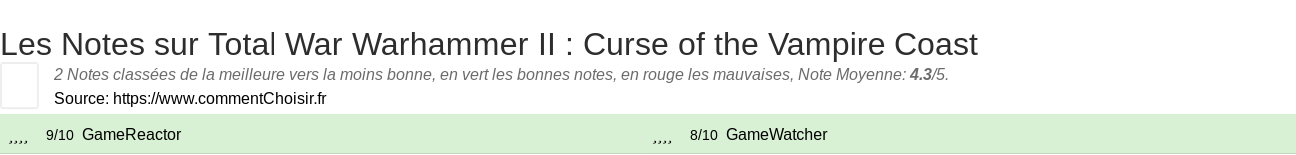 Ratings Total War Warhammer II : Curse of the Vampire Coast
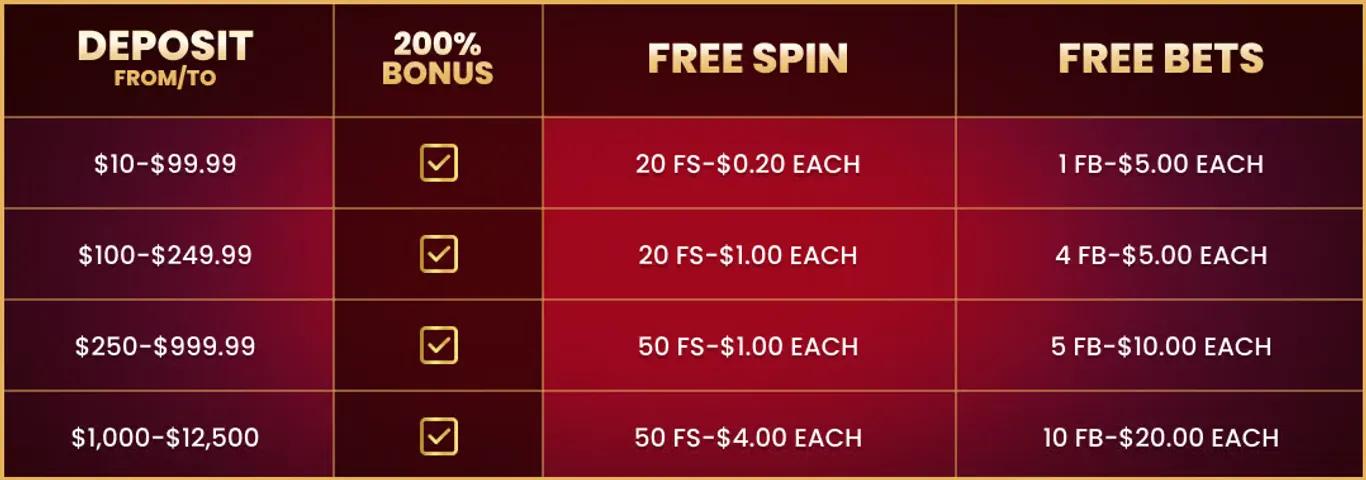 WSM Casino Welcome Bonus structure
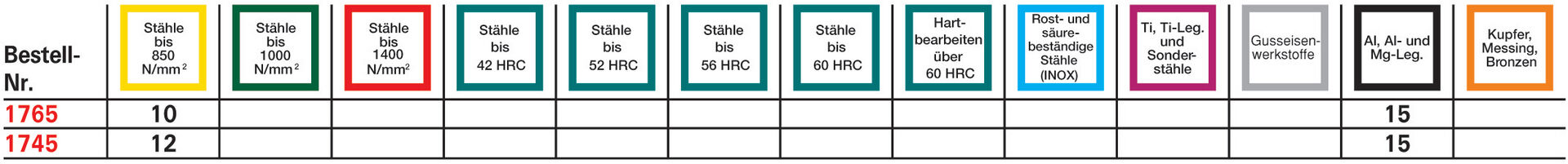 FORMAT Maschinengewindebohrer DIN 5156 C HSSE G 1 / 4Z FORMAT Maschinengewindebohrer DIN 5156 C HSSE G 1 / 4Z
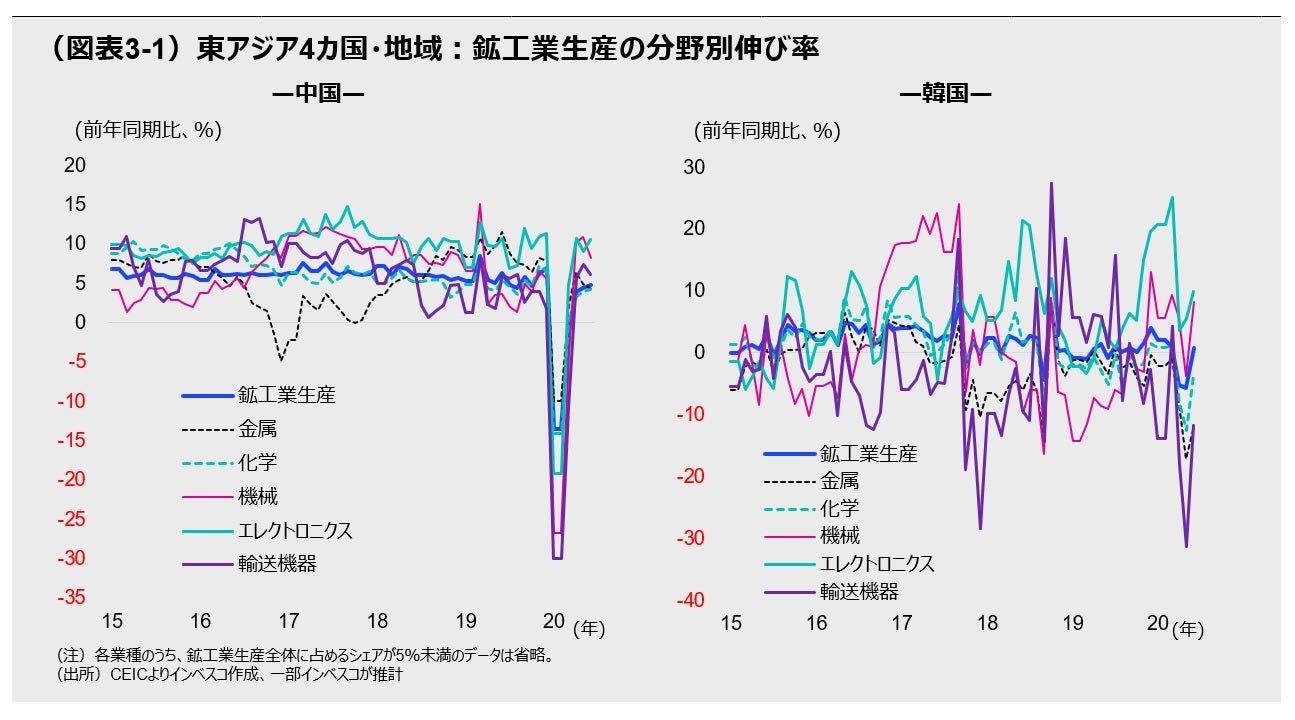 (図表3)東アジア4カ国・地域:鉱工業生産の分野別伸び率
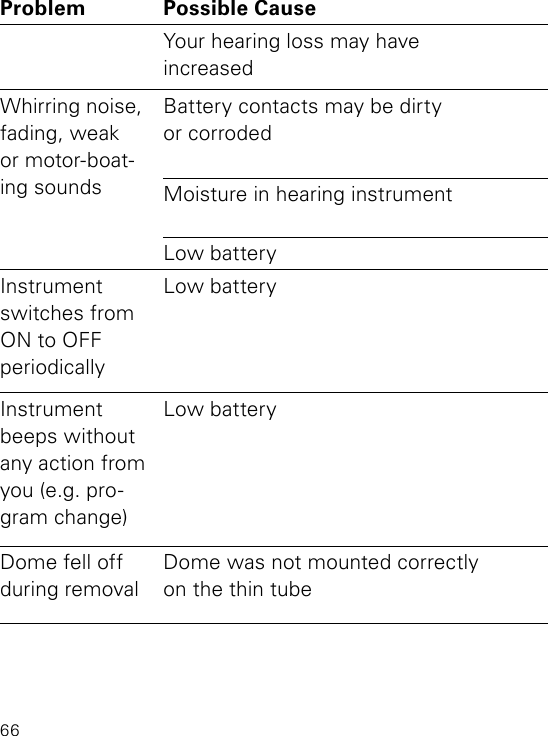 66Problem Possible Cause SolutionYour hearing loss may have  increasedConsult your hearing care professionalWhirring noise, fading, weak  or motor-boat-ing soundsBattery contacts may be dirty  or corrodedOpen and close the battery door several times or clean the battery contacts carefully with a dry  cotton  swabMoisture in hearing instrument Place instrument in Dry-Aid pack. Remove battery rst. Consult your hearing care professional.Low battery Insert a fresh batteryInstrument switches from ON to OFF  periodicallyLow battery Insert a fresh batteryInstrument beeps without any action from you (e.g. pro-gram change)Low battery Insert a fresh batteryDome fell off during removalDome was not mounted correctly  on the thin tubeCarefully remove the dome. If you cannot safely reach it, contact your medical professional.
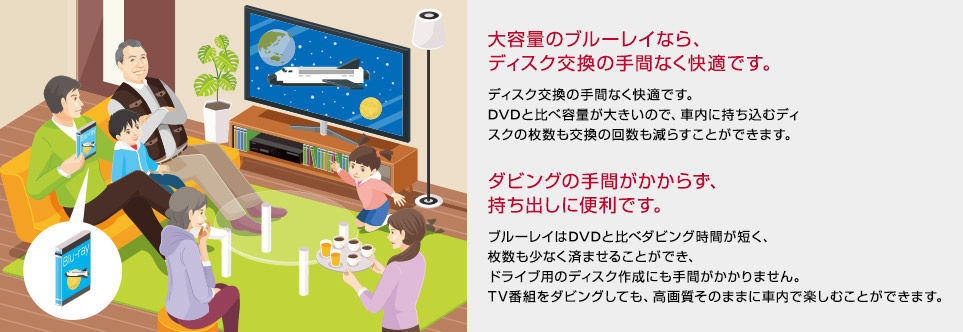 大容量のブルーレイなら、ディスク交換の手間なく快適です。/ダビングの手間がかからず、持ち出しに便利です。
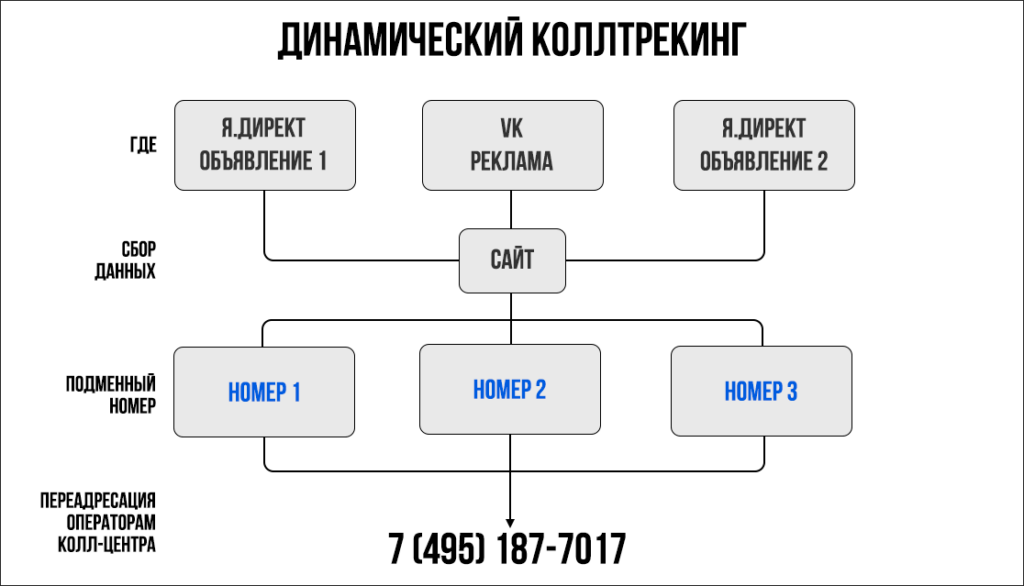 динамический коллтрекинг схема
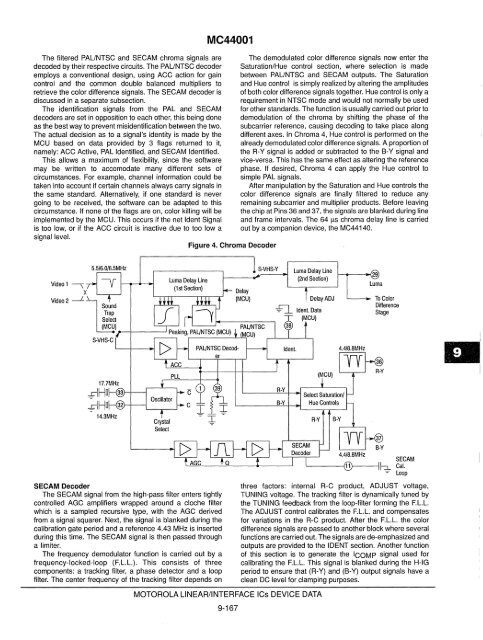 Voltage References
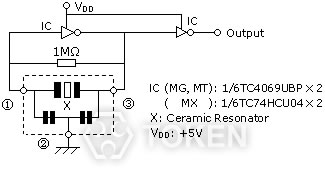 MHz (ZTT) 测试电路 (MOS IC)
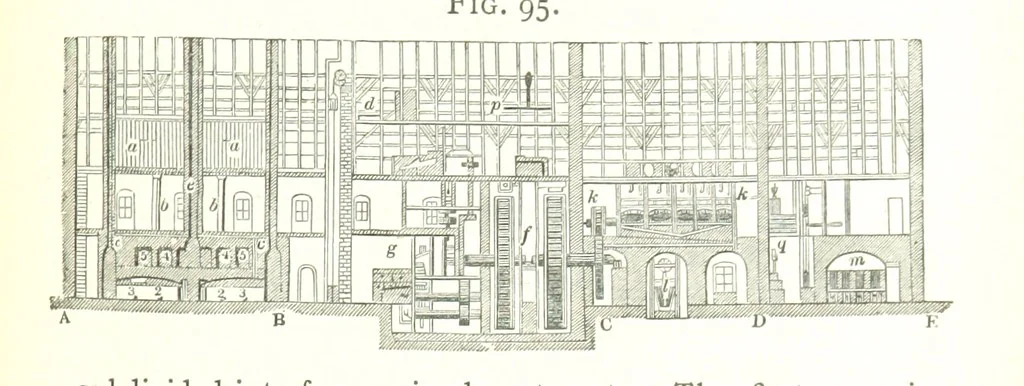 An illustration from A practical Treatise on Metallurgy, adapted from the last German edition of Professor K.'s Metallurgy, by W. Crookes and E. Röhrig ... Illustrated, etc, 1868, leaf 359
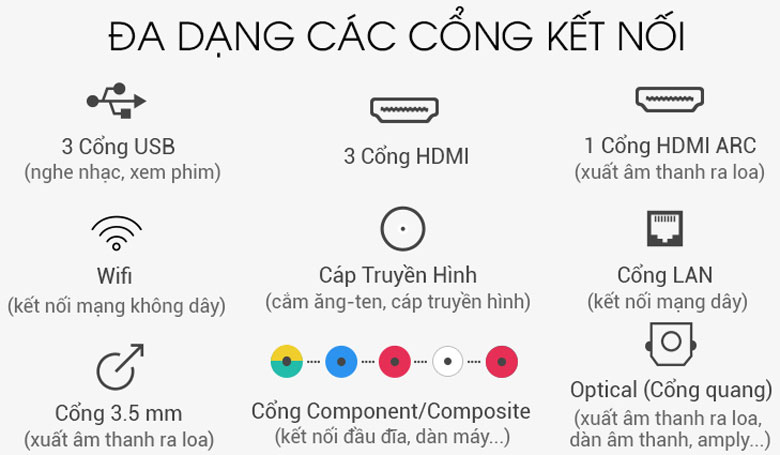 Đa dạng cổng kết nối với TV LG 65W8PTA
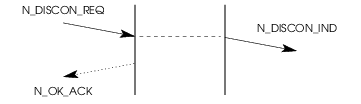 Sequence of Primitives; NS User Invoked Release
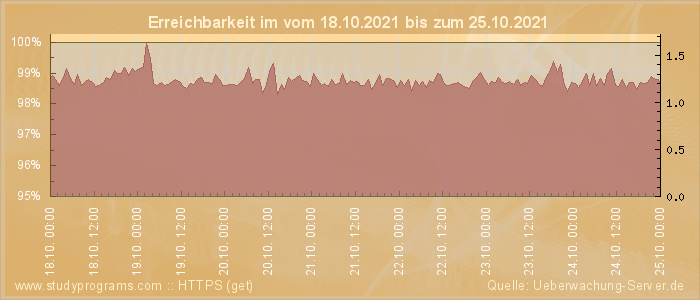 Grafik der Erreichbarkeit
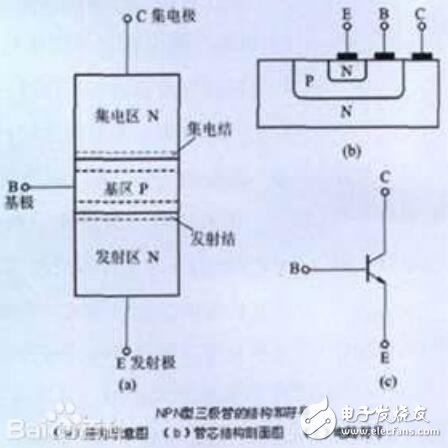 双极性晶体管工作原理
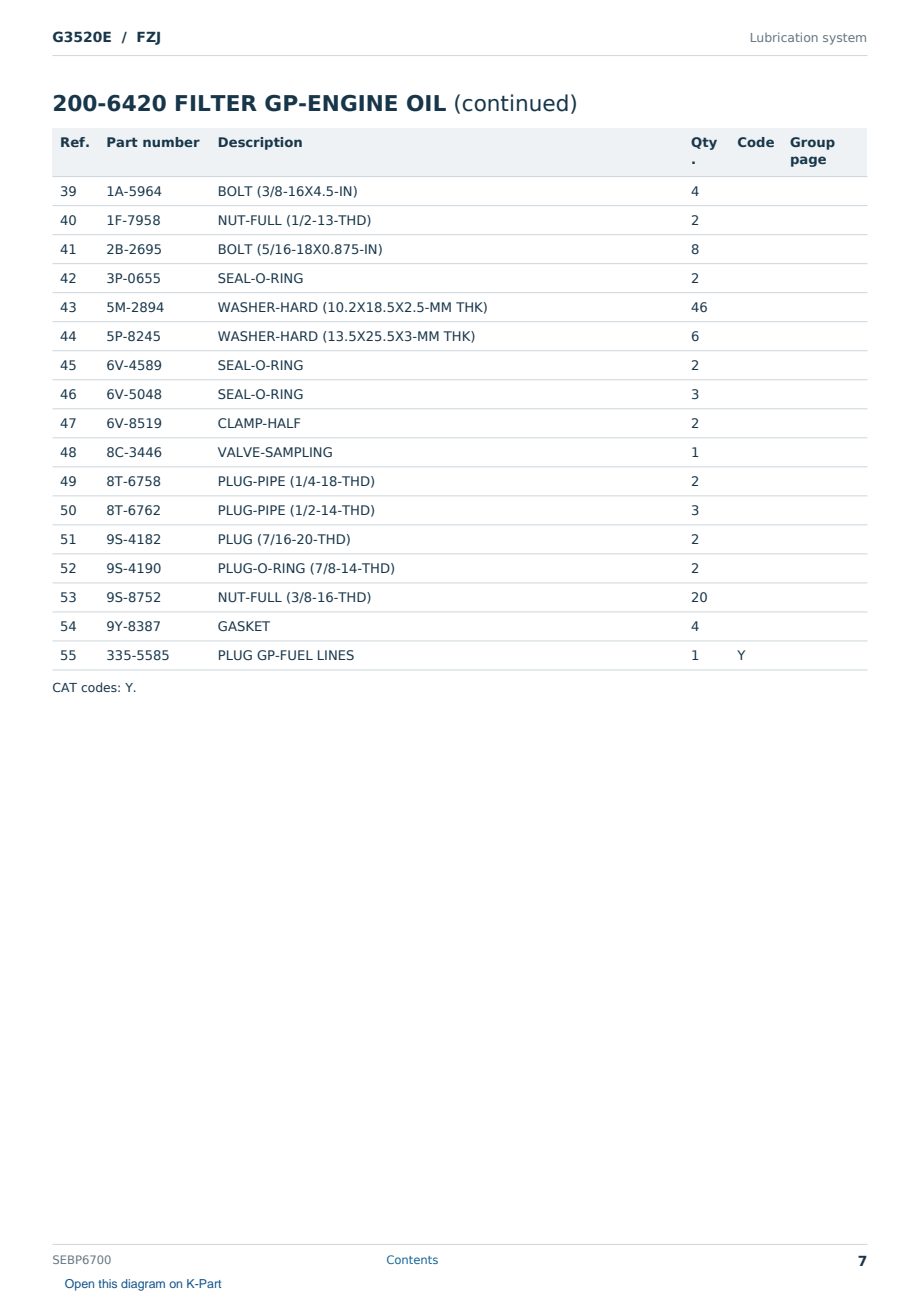 Caterpillar G3520E S/N FZJ Partsbook SEBP6700 (English) - sample page 7 of 10 Caterpillar G3520E S/N FZJ Partsbook SEBP6700 (English) - sample page 7 of 10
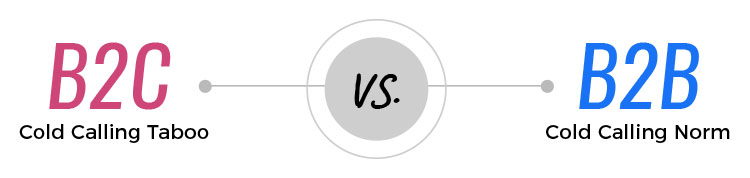 b2b and b2c cold calling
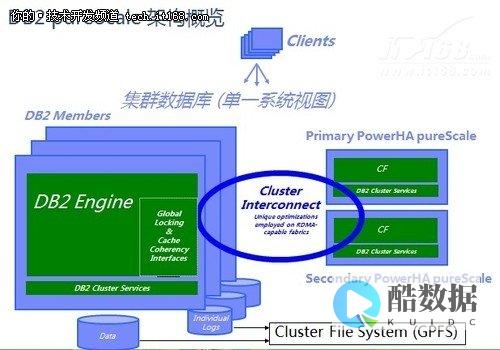 db2编码怎么看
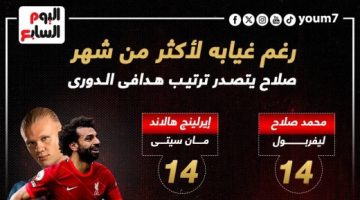 رياضة – محمد صلاح يتصدر ترتيب هدافى الدورى الإنجليزى رغم غيابه شهر..إنفوجراف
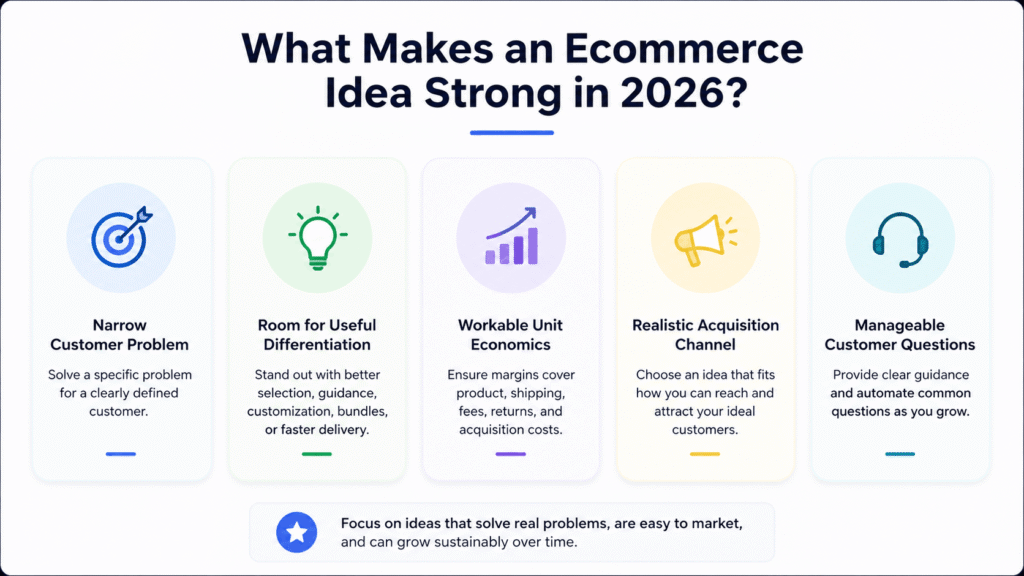 What makes an ecommerce business idea strong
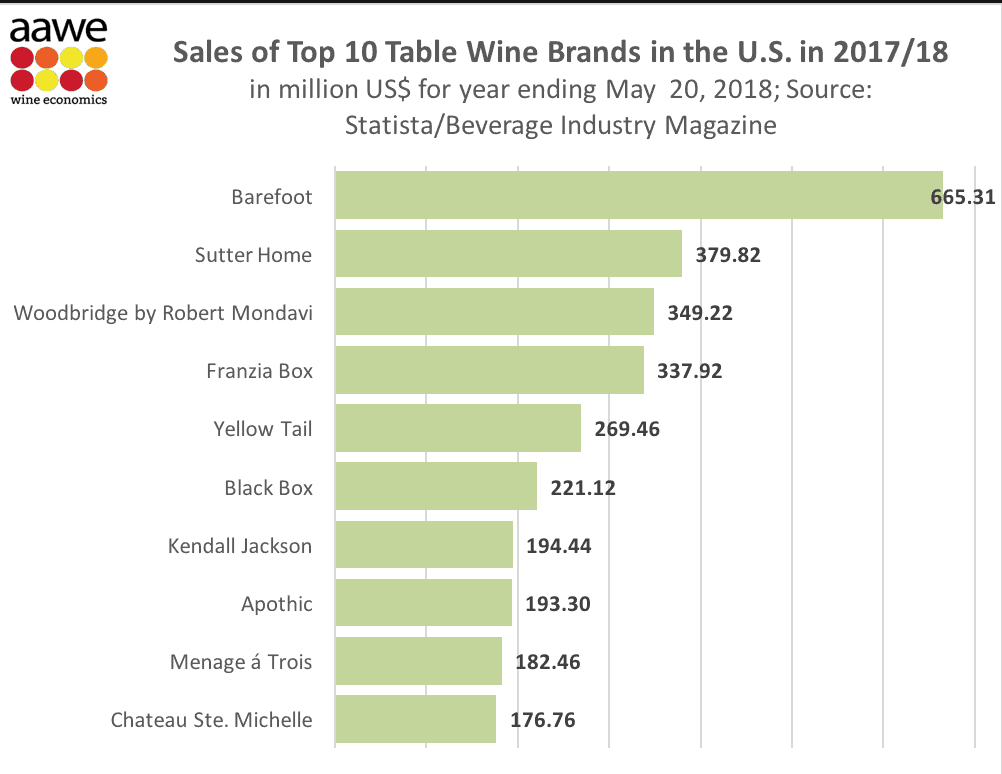 Top 10 table wine chart from AAWE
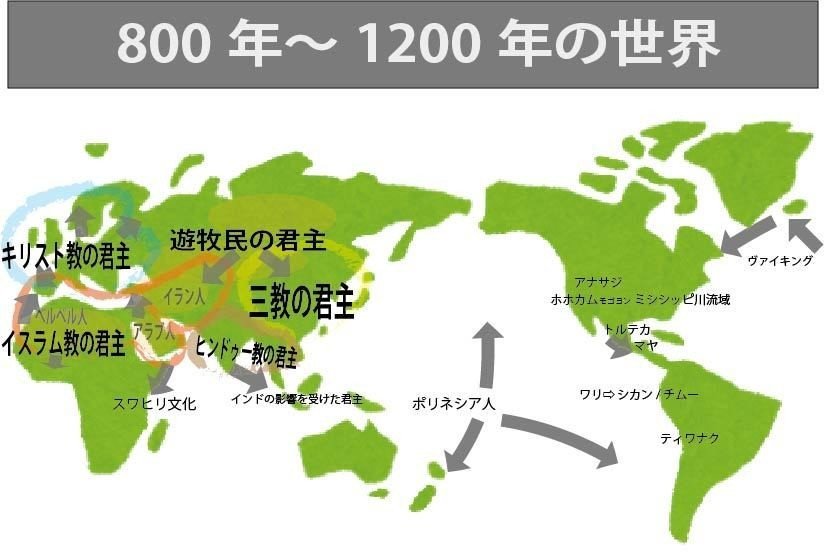 図解】ゼロからはじめる世界史のまとめ⑭ 800年～1200年の世界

--------------------

— ACTIVITY —
I need the entries printed exactly, with each picture left out.

— ANSWER BELOW —
 Ratings Total War Warhammer II : Curse of the Vampire Coast
 WSM Casino Welcome Bonus structure
 FORMAT Maschinengewindebohrer DIN 5156 C HSSE G 1 / 4Z FORMAT Maschinengewindebohrer DIN 5156 C HSSE G 1 / 4Z
 (図表3)東アジア4カ国・地域:鉱工業生産の分野別伸び率
 66Problem Possible Cause SolutionYour hearing loss may have  increasedConsult your hearing care professionalWhirring noise, fading, weak  or motor-boat-ing soundsBattery contacts may be dirty  or corrodedOpen and close the battery door several times or clean the battery contacts carefully with a dry  cotton  swabMoisture in hearing instrument Place instrument in Dry-Aid pack. Remove battery rst. Consult your hearing care professional.Low battery Insert a fresh batteryInstrument switches from ON to OFF  periodicallyLow battery Insert a fresh batteryInstrument beeps without any action from you (e.g. pro-gram change)Low battery Insert a fresh batteryDome fell off during removalDome was not mounted correctly  on the thin tubeCarefully remove the dome. If you cannot safely reach it, contact your medical professional.
 大容量のブルーレイなら、ディスク交換の手間なく快適です。/ダビングの手間がかからず、持ち出しに便利です。
 динамический коллтрекинг схема
 Voltage References
 MHz (ZTT) 测试电路 (MOS IC)
 An illustration from A practical Treatise on Metallurgy, adapted from the last German edition of Professor K.'s Metallurgy, by W. Crookes and E. Röhrig ... Illustrated, etc, 1868, leaf 359
 Đa dạng cổng kết nối với TV LG 65W8PTA
 Sequence of Primitives; NS User Invoked Release
 Grafik der Erreichbarkeit
 双极性晶体管工作原理
 Caterpillar G3520E S/N FZJ Partsbook SEBP6700 (English) - sample page 7 of 10 Caterpillar G3520E S/N FZJ Partsbook SEBP6700 (English) - sample page 7 of 10
 b2b and b2c cold calling
 db2编码怎么看
 رياضة – محمد صلاح يتصدر ترتيب هدافى الدورى الإنجليزى رغم غيابه شهر..إنفوجراف
 What makes an ecommerce business idea strong
 Top 10 table wine chart from AAWE
 図解】ゼロからはじめる世界史のまとめ⑭ 800年～1200年の世界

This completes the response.